[Information supplied]
○ ○ ○

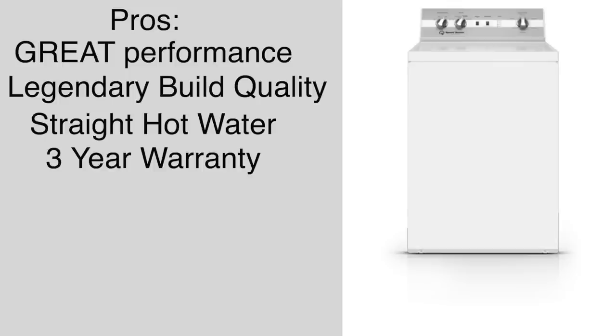The only warranty better is the Maytag commercial with a five-year parts and labor warranty. The things I don't like about this machine: it costs $1,039. That's a lot of money for a washing machine. It's not that I feel it's too expensive — I just feel like it's not quite worth it. $1,039 should get you a lot of washing machine, and I could see paying $800 or $900, but four figures — I'd have to sleep on it.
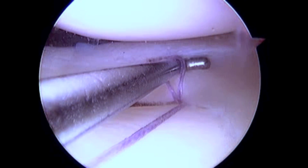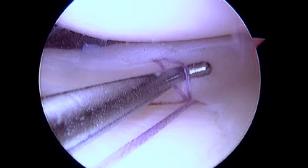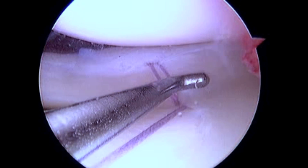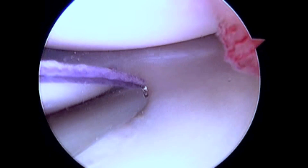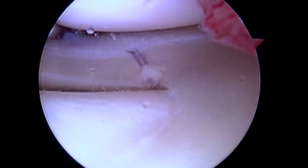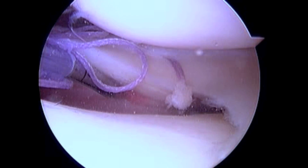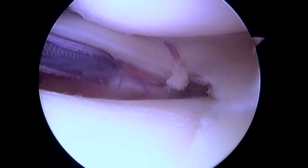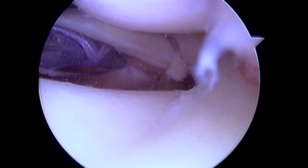You will notice that this is a knotless system, which I find highly advantageous to avoid wear and tear on the articular surface of the femur above and the tibia below. The tail of the suture is then cut flush to the meniscal surface. Due to the length of this longitudinal tear, a second vertical mattress suture is placed approximately one and a half centimeters medial to the first to complete our repair.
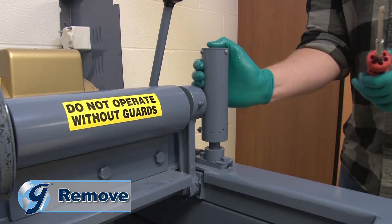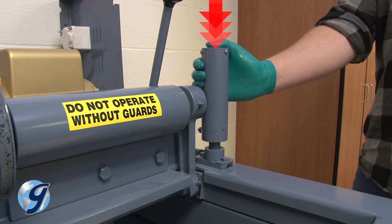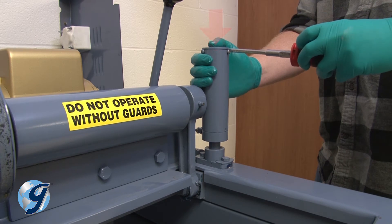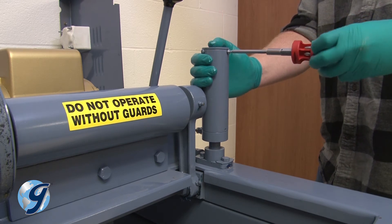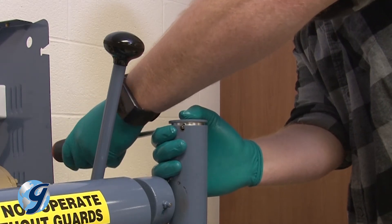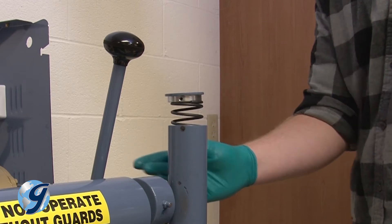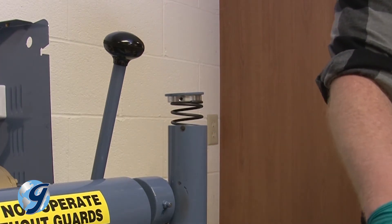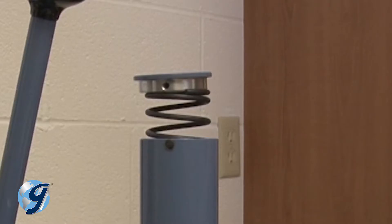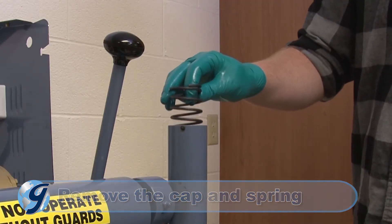Next, we are going to remove the cylinder cap. Please note that there is a compressed spring behind the cap, so caution is required when removing the cap. Keep pressure on the cap with your hand as you remove the three screws. Now, release the pressure of your hand slowly so that the compressed spring does not suddenly pop out.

○ ○ ○

[What you need to do] Nothing but an exact transcription of the material, without pictures, should be returned.

[Task result]
The only warranty better is the Maytag commercial with a five-year parts and labor warranty. The things I don't like about this machine: it costs $1,039. That's a lot of money for a washing machine. It's not that I feel it's too expensive — I just feel like it's not quite worth it. $1,039 should get you a lot of washing machine, and I could see paying $800 or $900, but four figures — I'd have to sleep on it.
You will notice that this is a knotless system, which I find highly advantageous to avoid wear and tear on the articular surface of the femur above and the tibia below. The tail of the suture is then cut flush to the meniscal surface. Due to the length of this longitudinal tear, a second vertical mattress suture is placed approximately one and a half centimeters medial to the first to complete our repair.
Next, we are going to remove the cylinder cap. Please note that there is a compressed spring behind the cap, so caution is required when removing the cap. Keep pressure on the cap with your hand as you remove the three screws. Now, release the pressure of your hand slowly so that the compressed spring does not suddenly pop out.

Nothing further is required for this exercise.